Given the distance threshold that maximizes the training MCC above (threshold=4 for t-SNE and threshold=2 for UMAP), we next identify the combination of method parameters that maximizes the validation MCC for that distance threshold.

In [13]:
grid.query("distance_threshold == 4").groupby(["method", "perplexity", "learning_rate"])["validation_mcc"].mean().reset_index().sort_values(
    "validation_mcc",
    ascending=False
)

In [14]:
facet_grid = sns.catplot(
    data=grid.query("(method == 't-sne') & (distance_threshold == 4)"),
    x="perplexity",
    y="validation_mcc",
    hue="learning_rate",
    dodge=True,
    alpha=0.75,
)

for ax in facet_grid.axes.flatten():
    ax.set_ylim(0, 1)

As we’ve seen before, learning rate doesn’t matter much, but perplexity does.
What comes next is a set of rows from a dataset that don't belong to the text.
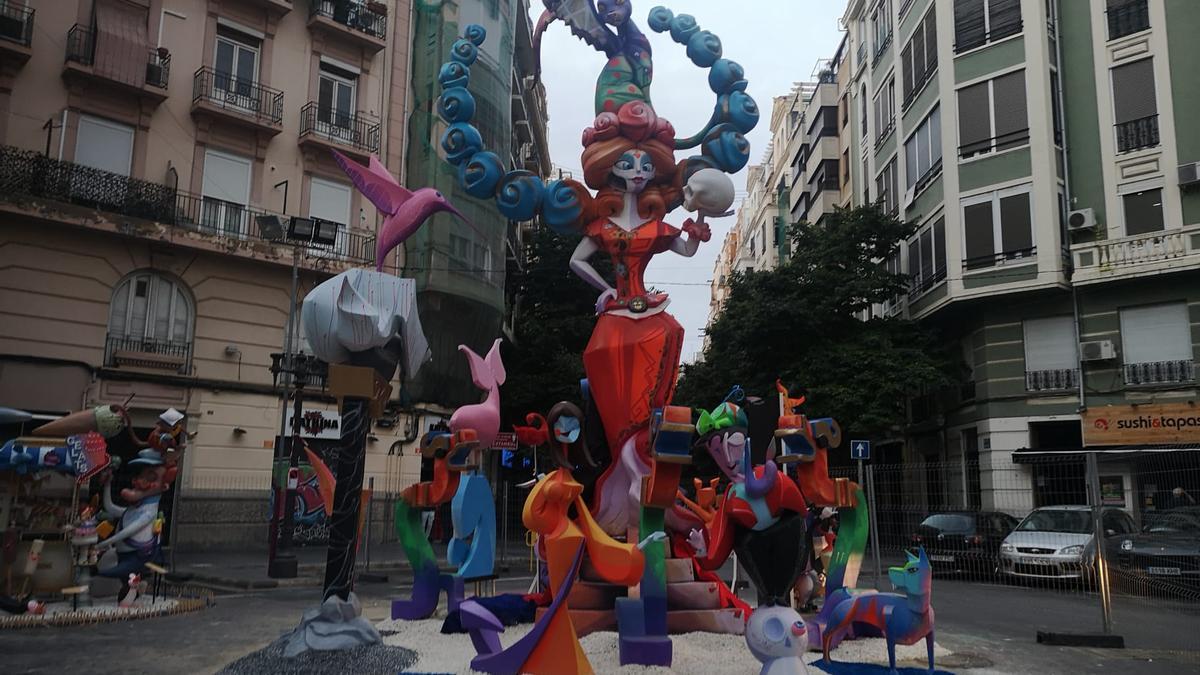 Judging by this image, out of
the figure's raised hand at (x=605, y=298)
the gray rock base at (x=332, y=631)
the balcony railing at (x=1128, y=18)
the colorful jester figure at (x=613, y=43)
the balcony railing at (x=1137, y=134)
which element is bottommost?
the gray rock base at (x=332, y=631)

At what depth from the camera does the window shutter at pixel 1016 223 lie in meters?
21.2

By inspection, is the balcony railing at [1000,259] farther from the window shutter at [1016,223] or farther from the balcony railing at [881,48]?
the balcony railing at [881,48]

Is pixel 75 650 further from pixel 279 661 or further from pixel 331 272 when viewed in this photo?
pixel 331 272

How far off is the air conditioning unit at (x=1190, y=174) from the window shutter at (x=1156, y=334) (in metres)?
2.68

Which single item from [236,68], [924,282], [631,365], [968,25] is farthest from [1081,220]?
[236,68]

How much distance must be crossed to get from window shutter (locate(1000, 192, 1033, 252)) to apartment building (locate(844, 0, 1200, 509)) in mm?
32

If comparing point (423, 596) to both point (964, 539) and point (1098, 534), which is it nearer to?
point (1098, 534)

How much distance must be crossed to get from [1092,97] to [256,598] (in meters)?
21.1

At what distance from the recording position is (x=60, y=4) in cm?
1822

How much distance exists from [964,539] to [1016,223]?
959cm

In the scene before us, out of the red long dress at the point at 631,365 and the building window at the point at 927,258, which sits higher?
the building window at the point at 927,258

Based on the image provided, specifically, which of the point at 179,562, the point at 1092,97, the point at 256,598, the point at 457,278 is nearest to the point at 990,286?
the point at 1092,97

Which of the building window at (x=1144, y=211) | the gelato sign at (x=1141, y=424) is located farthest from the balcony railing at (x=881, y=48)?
the gelato sign at (x=1141, y=424)

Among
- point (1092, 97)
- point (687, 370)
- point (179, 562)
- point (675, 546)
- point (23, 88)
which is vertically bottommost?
point (179, 562) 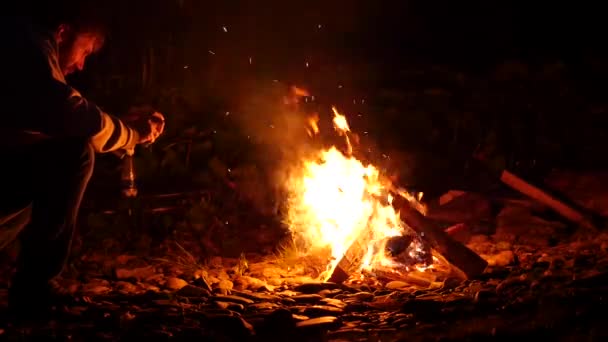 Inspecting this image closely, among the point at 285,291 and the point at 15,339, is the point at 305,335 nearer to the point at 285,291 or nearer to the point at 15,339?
the point at 285,291

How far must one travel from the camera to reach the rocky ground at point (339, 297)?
2.67m

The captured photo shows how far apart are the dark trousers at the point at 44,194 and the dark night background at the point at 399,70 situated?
2386 mm

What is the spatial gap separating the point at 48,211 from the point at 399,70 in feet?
15.1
The maximum validation MCC for t-SNE is at perplexity=30 and learning rate = 200, which is what we’ve been using.

In [15]:
grid.query("distance_threshold == 2").groupby(["method", "min_dist", "n_neighbors"])["validation_mcc"].mean().reset_index().sort_values(
    "validation_mcc",
    ascending=False
)

In [16]:
facet_grid = sns.catplot(
    data=grid.query("(method == 'umap') & (distance_threshold == 2)"),
    x="min_dist",
    y="validation_mcc",
    hue="n_neighbors",
    dodge=True,
    alpha=0.75,
)

for ax in facet_grid.axes.flatten():
    ax.set_ylim(0, 1)

In contrast with t-SNE's parameters, UMAP appears robust across all tested parameter combinations, producing roughly the same MCC values for all combinations. Although the optimal parameter combination is min_dist=0.05, n_neighbors=50 (MCC=0.681), the second best combination of min_dist=0.05, n_neighbors=100 has an MCC=0.6796).